#### Exercise materials

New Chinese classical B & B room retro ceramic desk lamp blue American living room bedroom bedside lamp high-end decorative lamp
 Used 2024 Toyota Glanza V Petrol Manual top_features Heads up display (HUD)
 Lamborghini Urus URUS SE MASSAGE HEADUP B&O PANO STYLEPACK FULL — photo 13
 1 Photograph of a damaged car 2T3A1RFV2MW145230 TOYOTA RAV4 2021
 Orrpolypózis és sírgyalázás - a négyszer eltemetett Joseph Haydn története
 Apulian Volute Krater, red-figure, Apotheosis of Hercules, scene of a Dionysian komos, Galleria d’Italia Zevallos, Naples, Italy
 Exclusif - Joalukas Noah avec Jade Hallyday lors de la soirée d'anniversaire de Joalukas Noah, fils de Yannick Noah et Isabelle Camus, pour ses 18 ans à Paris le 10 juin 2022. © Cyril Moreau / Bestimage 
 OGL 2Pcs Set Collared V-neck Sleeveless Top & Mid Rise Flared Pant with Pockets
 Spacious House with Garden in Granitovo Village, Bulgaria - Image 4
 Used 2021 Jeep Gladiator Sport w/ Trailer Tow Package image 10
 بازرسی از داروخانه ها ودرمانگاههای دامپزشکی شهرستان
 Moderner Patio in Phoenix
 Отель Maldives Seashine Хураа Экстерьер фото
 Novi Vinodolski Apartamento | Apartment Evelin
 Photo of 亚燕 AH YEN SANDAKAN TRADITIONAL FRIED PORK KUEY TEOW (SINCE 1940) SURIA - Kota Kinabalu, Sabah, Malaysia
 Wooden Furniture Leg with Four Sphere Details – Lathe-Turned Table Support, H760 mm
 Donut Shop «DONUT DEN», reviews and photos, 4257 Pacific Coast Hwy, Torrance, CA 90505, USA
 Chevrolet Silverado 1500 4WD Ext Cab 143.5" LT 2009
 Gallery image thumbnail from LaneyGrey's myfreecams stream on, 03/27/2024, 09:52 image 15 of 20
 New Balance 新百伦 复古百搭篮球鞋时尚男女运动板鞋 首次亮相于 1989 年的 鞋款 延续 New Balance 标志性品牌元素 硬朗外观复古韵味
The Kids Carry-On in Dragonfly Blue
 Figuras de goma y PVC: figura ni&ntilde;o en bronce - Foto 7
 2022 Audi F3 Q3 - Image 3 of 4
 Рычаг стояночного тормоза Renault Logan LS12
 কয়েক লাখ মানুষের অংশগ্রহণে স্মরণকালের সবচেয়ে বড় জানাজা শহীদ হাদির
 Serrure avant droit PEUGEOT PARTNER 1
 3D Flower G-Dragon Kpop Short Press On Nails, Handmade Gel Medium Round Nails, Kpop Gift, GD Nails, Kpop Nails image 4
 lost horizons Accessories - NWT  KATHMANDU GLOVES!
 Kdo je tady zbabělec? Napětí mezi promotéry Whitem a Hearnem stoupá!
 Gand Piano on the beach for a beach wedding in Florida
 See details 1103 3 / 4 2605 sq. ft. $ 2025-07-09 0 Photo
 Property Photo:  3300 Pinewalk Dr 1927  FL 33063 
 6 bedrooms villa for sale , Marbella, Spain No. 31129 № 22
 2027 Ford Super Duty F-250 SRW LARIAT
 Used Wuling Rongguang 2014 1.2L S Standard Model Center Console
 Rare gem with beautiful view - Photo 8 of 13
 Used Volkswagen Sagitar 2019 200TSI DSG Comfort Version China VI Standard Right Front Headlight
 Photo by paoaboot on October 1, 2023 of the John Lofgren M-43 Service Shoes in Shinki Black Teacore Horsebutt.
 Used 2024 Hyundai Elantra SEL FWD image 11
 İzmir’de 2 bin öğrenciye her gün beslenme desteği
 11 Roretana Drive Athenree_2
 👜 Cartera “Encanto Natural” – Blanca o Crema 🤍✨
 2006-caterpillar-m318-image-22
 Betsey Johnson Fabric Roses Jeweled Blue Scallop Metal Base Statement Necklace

########

### Exercise goal
The full listing above needs to be given again exactly.

### Answer to the problem
New Chinese classical B & B room retro ceramic desk lamp blue American living room bedroom bedside lamp high-end decorative lamp
 Used 2024 Toyota Glanza V Petrol Manual top_features Heads up display (HUD)
 Lamborghini Urus URUS SE MASSAGE HEADUP B&O PANO STYLEPACK FULL — photo 13
 1 Photograph of a damaged car 2T3A1RFV2MW145230 TOYOTA RAV4 2021
 Orrpolypózis és sírgyalázás - a négyszer eltemetett Joseph Haydn története
 Apulian Volute Krater, red-figure, Apotheosis of Hercules, scene of a Dionysian komos, Galleria d’Italia Zevallos, Naples, Italy
 Exclusif - Joalukas Noah avec Jade Hallyday lors de la soirée d'anniversaire de Joalukas Noah, fils de Yannick Noah et Isabelle Camus, pour ses 18 ans à Paris le 10 juin 2022. © Cyril Moreau / Bestimage 
 OGL 2Pcs Set Collared V-neck Sleeveless Top & Mid Rise Flared Pant with Pockets
 Spacious House with Garden in Granitovo Village, Bulgaria - Image 4
 Used 2021 Jeep Gladiator Sport w/ Trailer Tow Package image 10
 بازرسی از داروخانه ها ودرمانگاههای دامپزشکی شهرستان
 Moderner Patio in Phoenix
 Отель Maldives Seashine Хураа Экстерьер фото
 Novi Vinodolski Apartamento | Apartment Evelin
 Photo of 亚燕 AH YEN SANDAKAN TRADITIONAL FRIED PORK KUEY TEOW (SINCE 1940) SURIA - Kota Kinabalu, Sabah, Malaysia
 Wooden Furniture Leg with Four Sphere Details – Lathe-Turned Table Support, H760 mm
 Donut Shop «DONUT DEN», reviews and photos, 4257 Pacific Coast Hwy, Torrance, CA 90505, USA
 Chevrolet Silverado 1500 4WD Ext Cab 143.5" LT 2009
 Gallery image thumbnail from LaneyGrey's myfreecams stream on, 03/27/2024, 09:52 image 15 of 20
 New Balance 新百伦 复古百搭篮球鞋时尚男女运动板鞋 首次亮相于 1989 年的 鞋款 延续 New Balance 标志性品牌元素 硬朗外观复古韵味
The Kids Carry-On in Dragonfly Blue
 Figuras de goma y PVC: figura ni&ntilde;o en bronce - Foto 7
 2022 Audi F3 Q3 - Image 3 of 4
 Рычаг стояночного тормоза Renault Logan LS12
 কয়েক লাখ মানুষের অংশগ্রহণে স্মরণকালের সবচেয়ে বড় জানাজা শহীদ হাদির
 Serrure avant droit PEUGEOT PARTNER 1
 3D Flower G-Dragon Kpop Short Press On Nails, Handmade Gel Medium Round Nails, Kpop Gift, GD Nails, Kpop Nails image 4
 lost horizons Accessories - NWT  KATHMANDU GLOVES!
 Kdo je tady zbabělec? Napětí mezi promotéry Whitem a Hearnem stoupá!
 Gand Piano on the beach for a beach wedding in Florida
 See details 1103 3 / 4 2605 sq. ft. $ 2025-07-09 0 Photo
 Property Photo:  3300 Pinewalk Dr 1927  FL 33063 
 6 bedrooms villa for sale , Marbella, Spain No. 31129 № 22
 2027 Ford Super Duty F-250 SRW LARIAT
 Used Wuling Rongguang 2014 1.2L S Standard Model Center Console
 Rare gem with beautiful view - Photo 8 of 13
 Used Volkswagen Sagitar 2019 200TSI DSG Comfort Version China VI Standard Right Front Headlight
 Photo by paoaboot on October 1, 2023 of the John Lofgren M-43 Service Shoes in Shinki Black Teacore Horsebutt.
 Used 2024 Hyundai Elantra SEL FWD image 11
 İzmir’de 2 bin öğrenciye her gün beslenme desteği
 11 Roretana Drive Athenree_2
 👜 Cartera “Encanto Natural” – Blanca o Crema 🤍✨
 2006-caterpillar-m318-image-22
 Betsey Johnson Fabric Roses Jeweled Blue Scallop Metal Base Statement Necklace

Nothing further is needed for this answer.